Se confirma la presunta irregularidad del puesto de inspectora-instructora de la Agencia Española de Protección de Datos ocupado de forma provisional desde septiembre de 2023, sin publicación en el BOE y sin salida a concurso público durante más de dos años.
- La AEPD admite que una funcionaria ocupa un puesto de forma "provisional" desde hace más de dos años, pero oculta el motivo legal exacto bajo fórmulas evasivas.
- El puesto aparece como "No Vacante" en todas las RPT desde diciembre de 2024 hasta enero de 2026, impidiendo su salida a concurso público.
SERVIPRESS / ESPAÑA - D. Pedro José Masiá Samper ha denunciado ante el Consejo de Transparencia y Buen Gobierno (CTBG) una presunta trama de irregularidades en la gestión de personal de la Agencia Española de Protección de Datos (AEPD).
Tras una reclamación (Expediente 0497/2026), la AEPD ha tenido que abandonar su estrategia inicial de calificar la petición de información como "abusiva" y ha reconocido que la funcionaria ocupa el puesto con código 5710821 desde el 5 de septiembre de 2023 mediante "adscripción provisional" y sin su correspondiente publicación en el BOE.
Evidencias de una situación irregular
La gravedad de la denuncia radica en la contradicción entre la realidad administrativa y los registros públicos oficiales.
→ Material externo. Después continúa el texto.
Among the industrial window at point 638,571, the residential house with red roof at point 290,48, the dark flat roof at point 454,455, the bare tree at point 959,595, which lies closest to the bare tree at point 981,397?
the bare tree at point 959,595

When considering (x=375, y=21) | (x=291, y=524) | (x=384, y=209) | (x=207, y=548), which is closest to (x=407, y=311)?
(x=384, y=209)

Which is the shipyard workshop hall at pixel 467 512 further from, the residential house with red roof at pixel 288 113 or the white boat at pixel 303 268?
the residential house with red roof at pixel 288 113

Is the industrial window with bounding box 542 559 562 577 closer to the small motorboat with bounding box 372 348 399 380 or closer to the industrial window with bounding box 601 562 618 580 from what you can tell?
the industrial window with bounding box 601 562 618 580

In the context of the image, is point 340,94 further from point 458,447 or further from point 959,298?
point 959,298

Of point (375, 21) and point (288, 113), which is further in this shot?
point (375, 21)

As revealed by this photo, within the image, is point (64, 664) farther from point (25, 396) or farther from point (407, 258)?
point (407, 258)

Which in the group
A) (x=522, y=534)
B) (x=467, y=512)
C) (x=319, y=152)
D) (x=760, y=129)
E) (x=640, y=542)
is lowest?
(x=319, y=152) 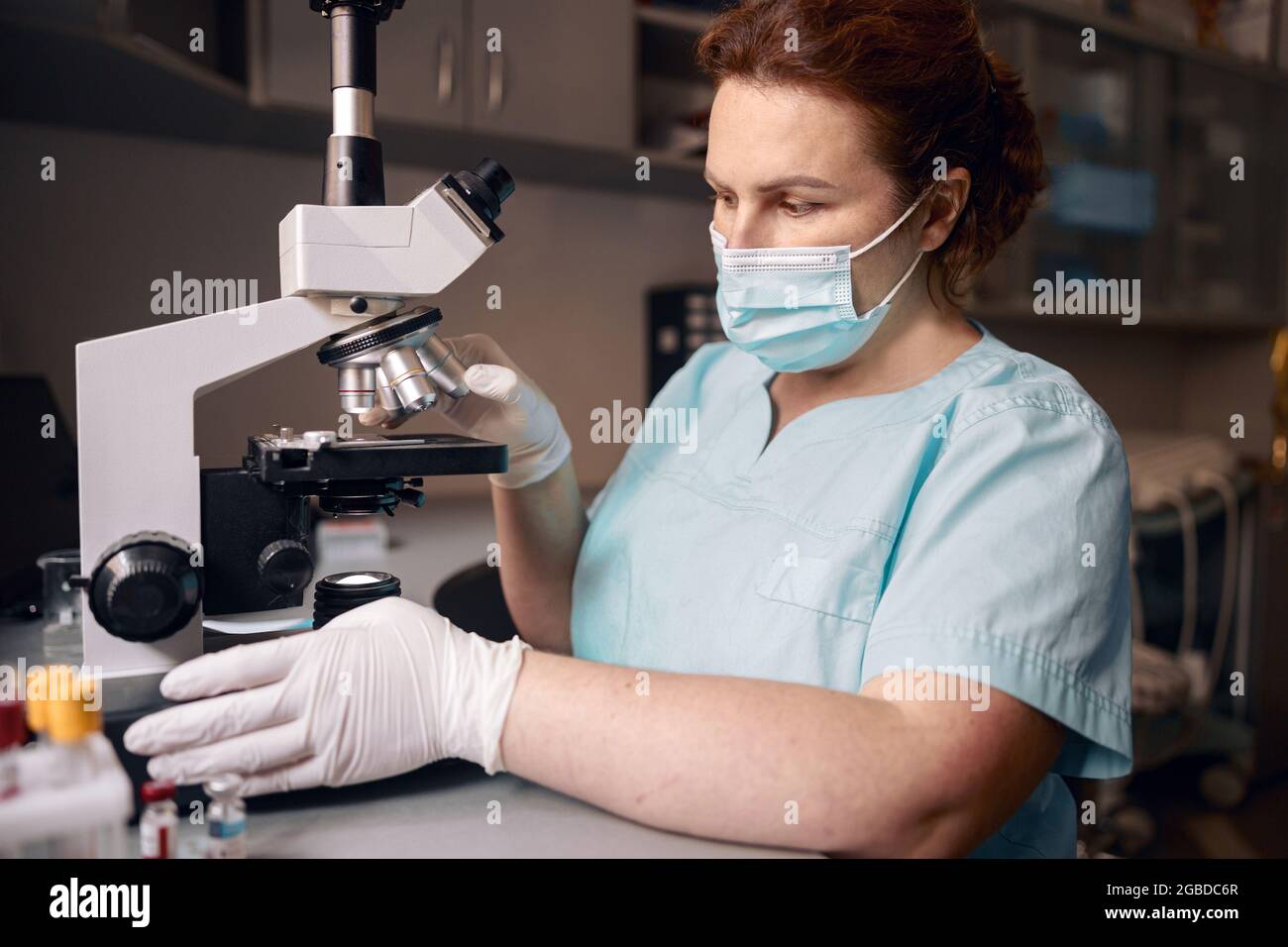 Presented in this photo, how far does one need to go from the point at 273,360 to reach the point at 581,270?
5.57 ft

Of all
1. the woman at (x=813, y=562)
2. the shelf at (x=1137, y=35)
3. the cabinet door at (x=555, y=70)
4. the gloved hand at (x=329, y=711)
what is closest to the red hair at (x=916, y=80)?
the woman at (x=813, y=562)

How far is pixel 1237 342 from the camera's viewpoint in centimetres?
385

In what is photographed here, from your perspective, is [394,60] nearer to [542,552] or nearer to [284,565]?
[542,552]

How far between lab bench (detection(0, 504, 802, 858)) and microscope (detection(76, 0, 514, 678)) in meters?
0.11

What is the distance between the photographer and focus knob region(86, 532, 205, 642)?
0.75 metres

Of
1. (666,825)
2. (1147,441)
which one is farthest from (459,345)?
(1147,441)

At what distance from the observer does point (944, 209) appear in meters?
1.08

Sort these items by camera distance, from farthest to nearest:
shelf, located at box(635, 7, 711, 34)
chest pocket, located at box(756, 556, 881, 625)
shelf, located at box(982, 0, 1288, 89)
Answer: shelf, located at box(982, 0, 1288, 89) → shelf, located at box(635, 7, 711, 34) → chest pocket, located at box(756, 556, 881, 625)

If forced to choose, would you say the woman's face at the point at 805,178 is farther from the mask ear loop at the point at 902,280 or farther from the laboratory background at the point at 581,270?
the laboratory background at the point at 581,270

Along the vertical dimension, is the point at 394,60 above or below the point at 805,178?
above

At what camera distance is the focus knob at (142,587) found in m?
0.75

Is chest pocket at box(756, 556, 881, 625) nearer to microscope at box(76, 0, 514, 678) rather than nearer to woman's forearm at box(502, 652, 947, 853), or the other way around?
woman's forearm at box(502, 652, 947, 853)

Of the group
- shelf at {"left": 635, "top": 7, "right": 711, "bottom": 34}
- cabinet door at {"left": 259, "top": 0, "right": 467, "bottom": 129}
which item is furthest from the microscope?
shelf at {"left": 635, "top": 7, "right": 711, "bottom": 34}

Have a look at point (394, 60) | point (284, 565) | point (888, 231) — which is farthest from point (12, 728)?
point (394, 60) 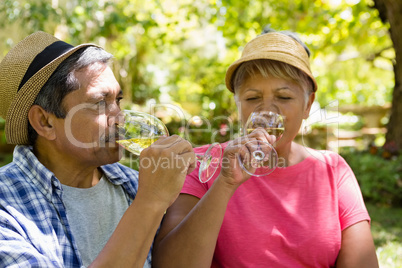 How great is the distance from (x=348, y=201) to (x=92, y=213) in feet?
4.72

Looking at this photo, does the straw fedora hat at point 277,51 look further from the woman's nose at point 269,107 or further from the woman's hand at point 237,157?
the woman's hand at point 237,157

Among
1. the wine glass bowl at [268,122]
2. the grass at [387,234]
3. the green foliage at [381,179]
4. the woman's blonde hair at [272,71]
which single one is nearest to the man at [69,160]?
the wine glass bowl at [268,122]

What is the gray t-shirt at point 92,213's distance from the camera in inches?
75.8

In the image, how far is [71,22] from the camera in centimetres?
744

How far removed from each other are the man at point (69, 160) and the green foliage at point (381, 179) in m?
6.52

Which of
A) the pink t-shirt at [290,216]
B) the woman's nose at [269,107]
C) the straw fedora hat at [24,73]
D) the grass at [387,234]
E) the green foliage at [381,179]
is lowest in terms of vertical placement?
the grass at [387,234]

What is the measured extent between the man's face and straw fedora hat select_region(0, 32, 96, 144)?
140 millimetres

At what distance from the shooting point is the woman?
1.91 meters

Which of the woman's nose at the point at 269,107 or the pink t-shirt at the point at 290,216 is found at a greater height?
the woman's nose at the point at 269,107

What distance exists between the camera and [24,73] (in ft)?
6.11

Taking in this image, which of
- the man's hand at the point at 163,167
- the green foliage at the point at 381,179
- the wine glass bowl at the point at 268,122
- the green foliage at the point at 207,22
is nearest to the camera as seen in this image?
the man's hand at the point at 163,167

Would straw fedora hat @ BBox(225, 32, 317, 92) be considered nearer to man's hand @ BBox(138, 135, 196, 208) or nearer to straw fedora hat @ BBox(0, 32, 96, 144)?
man's hand @ BBox(138, 135, 196, 208)

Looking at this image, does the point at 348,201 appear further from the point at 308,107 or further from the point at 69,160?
the point at 69,160

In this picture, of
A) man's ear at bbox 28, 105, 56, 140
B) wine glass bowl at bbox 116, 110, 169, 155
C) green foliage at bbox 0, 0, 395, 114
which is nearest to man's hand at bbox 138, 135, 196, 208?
wine glass bowl at bbox 116, 110, 169, 155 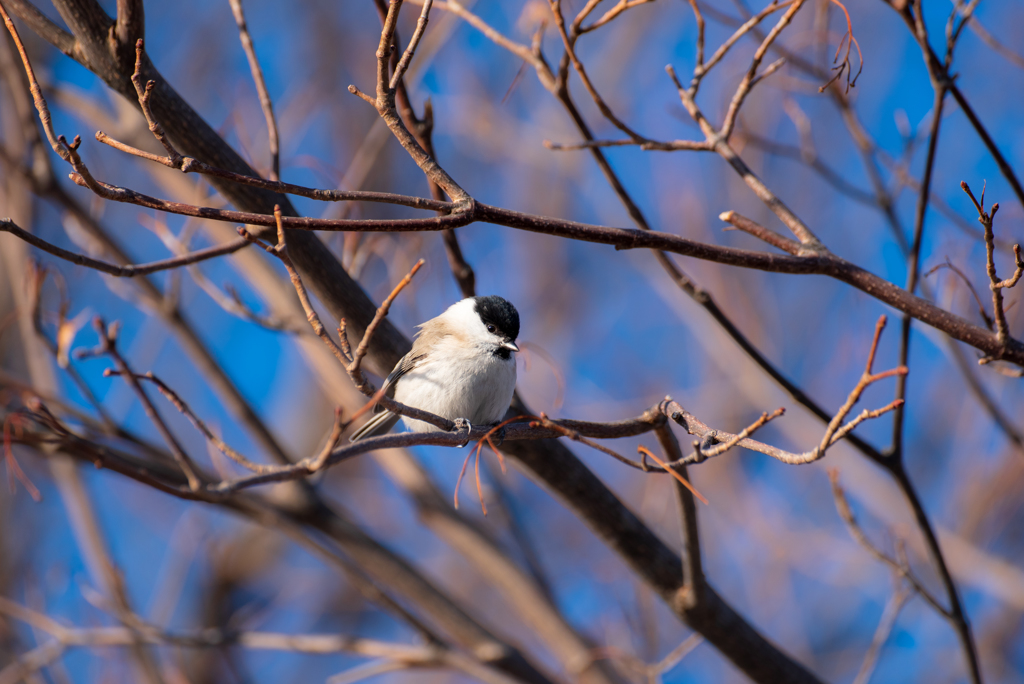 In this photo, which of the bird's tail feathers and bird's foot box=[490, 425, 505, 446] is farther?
the bird's tail feathers

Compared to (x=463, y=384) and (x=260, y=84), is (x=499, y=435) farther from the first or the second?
(x=260, y=84)

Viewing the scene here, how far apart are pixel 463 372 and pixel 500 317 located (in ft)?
1.07

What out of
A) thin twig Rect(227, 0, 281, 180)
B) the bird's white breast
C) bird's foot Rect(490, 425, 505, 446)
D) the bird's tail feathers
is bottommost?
bird's foot Rect(490, 425, 505, 446)

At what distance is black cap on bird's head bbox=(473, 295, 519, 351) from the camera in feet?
10.3

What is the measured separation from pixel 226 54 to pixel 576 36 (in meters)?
6.57

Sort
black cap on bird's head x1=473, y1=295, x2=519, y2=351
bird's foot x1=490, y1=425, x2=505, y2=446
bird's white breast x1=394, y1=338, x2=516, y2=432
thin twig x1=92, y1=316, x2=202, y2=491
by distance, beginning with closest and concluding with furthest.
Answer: thin twig x1=92, y1=316, x2=202, y2=491
bird's foot x1=490, y1=425, x2=505, y2=446
bird's white breast x1=394, y1=338, x2=516, y2=432
black cap on bird's head x1=473, y1=295, x2=519, y2=351

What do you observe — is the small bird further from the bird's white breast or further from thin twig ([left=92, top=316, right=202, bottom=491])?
thin twig ([left=92, top=316, right=202, bottom=491])

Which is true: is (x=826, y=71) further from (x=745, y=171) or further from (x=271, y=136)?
(x=271, y=136)

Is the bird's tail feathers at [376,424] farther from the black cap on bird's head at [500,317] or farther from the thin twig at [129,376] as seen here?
the thin twig at [129,376]

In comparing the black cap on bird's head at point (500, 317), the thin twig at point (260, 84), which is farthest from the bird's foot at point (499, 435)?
the thin twig at point (260, 84)

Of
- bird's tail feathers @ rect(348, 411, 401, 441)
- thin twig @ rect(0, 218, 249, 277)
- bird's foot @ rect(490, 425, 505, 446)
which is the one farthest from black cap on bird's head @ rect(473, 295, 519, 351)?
thin twig @ rect(0, 218, 249, 277)

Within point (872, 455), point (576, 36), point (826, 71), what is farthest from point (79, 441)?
point (826, 71)

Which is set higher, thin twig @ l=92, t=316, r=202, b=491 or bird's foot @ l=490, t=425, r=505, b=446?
thin twig @ l=92, t=316, r=202, b=491

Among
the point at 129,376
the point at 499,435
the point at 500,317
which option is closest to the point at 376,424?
the point at 500,317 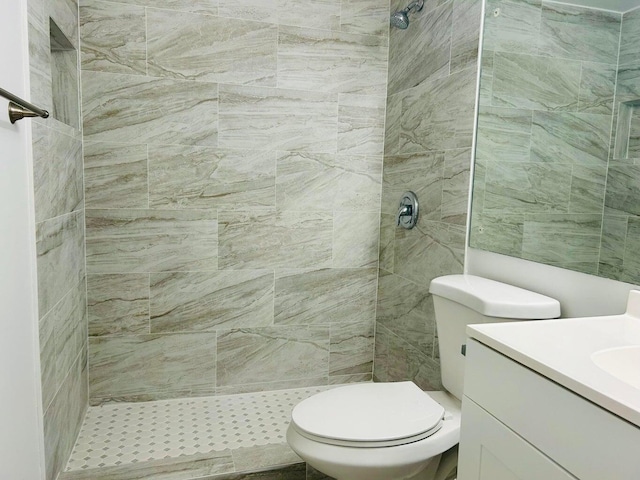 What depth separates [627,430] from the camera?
28.2 inches

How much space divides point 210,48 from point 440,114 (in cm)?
115

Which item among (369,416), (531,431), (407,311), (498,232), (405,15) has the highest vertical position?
(405,15)

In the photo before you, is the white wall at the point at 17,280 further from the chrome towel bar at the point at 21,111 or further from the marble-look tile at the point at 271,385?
the marble-look tile at the point at 271,385

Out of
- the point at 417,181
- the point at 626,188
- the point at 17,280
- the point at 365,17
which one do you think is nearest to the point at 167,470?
the point at 17,280

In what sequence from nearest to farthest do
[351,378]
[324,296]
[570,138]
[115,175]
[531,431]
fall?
[531,431] < [570,138] < [115,175] < [324,296] < [351,378]

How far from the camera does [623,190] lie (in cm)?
129

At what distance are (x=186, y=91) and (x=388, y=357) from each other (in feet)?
5.53

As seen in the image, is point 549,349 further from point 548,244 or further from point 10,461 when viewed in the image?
point 10,461

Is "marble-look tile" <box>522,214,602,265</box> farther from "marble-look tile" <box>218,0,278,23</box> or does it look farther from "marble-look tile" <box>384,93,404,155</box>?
"marble-look tile" <box>218,0,278,23</box>

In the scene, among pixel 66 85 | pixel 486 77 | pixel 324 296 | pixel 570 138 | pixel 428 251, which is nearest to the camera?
pixel 570 138

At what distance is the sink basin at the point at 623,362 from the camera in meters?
0.99

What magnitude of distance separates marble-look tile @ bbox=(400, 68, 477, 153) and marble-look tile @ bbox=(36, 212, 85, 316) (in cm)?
154

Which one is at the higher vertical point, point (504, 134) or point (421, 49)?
point (421, 49)

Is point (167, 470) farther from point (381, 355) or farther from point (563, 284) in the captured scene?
point (563, 284)
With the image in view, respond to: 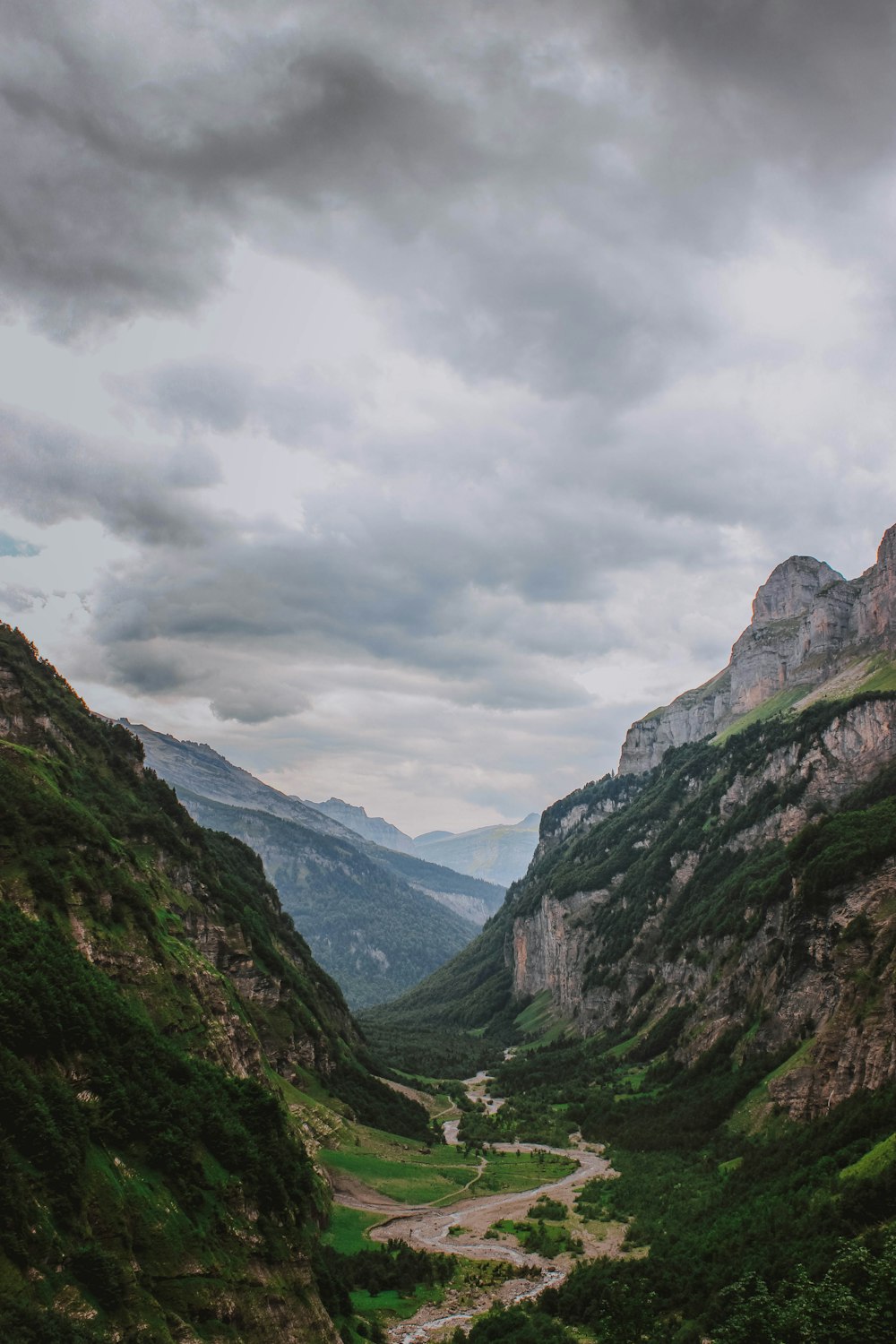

Según el reclamante, tras consultar las Relaciones de Puestos de Trabajo (RPT) de diciembre de 2024, marzo de 2025, septiembre de 2025 y enero de 2026, el citado puesto figura sistemáticamente como "No Vacante".
Este hecho es jurídicamente incompatible con una adscripción provisional prolongada en el tiempo:
1. Bloqueo del Concurso: Al marcar la plaza como "no vacante", la AEPD evita la obligación legal de convocarla en los concursos de méritos, impidiendo que cualquier otro funcionario pueda optar a ella.
2. Durante ese periodo la AEPD ha sacado 16 plazas con esas características a concurso, evitando que esta plaza en concreto pudiera ser ocupada por otro funcionario.
3. Opacidad en el nombramiento: La AEPD se niega a concretar qué supuesto del artículo 63 del RD 364/1995 justifica la situación, limitándose a afirmar que es "una de las formas" previstas.
Silencio institucional A pesar de que la propia funcionaria afectada ha manifestado su conformidad con la concesión del acceso a la información, la Agencia persiste en no entregar el dato específico del supuesto legal. Esta falta de transparencia sugiere un intento de ocultar una "adscripción a dedo" que vulnera los principios constitucionales de igualdad, mérito y capacidad.
"Resulta alarmante que la autoridad que debe proteger nuestros datos y garantizar la transparencia administrativa utilice su estructura para blindar puestos de trabajo frente a la libre concurrencia", afirma Masiá Samper, quien ya ha solicitado al CTBG que inste a la entrega inmediata de la resolución administrativa que motivó este nombramiento.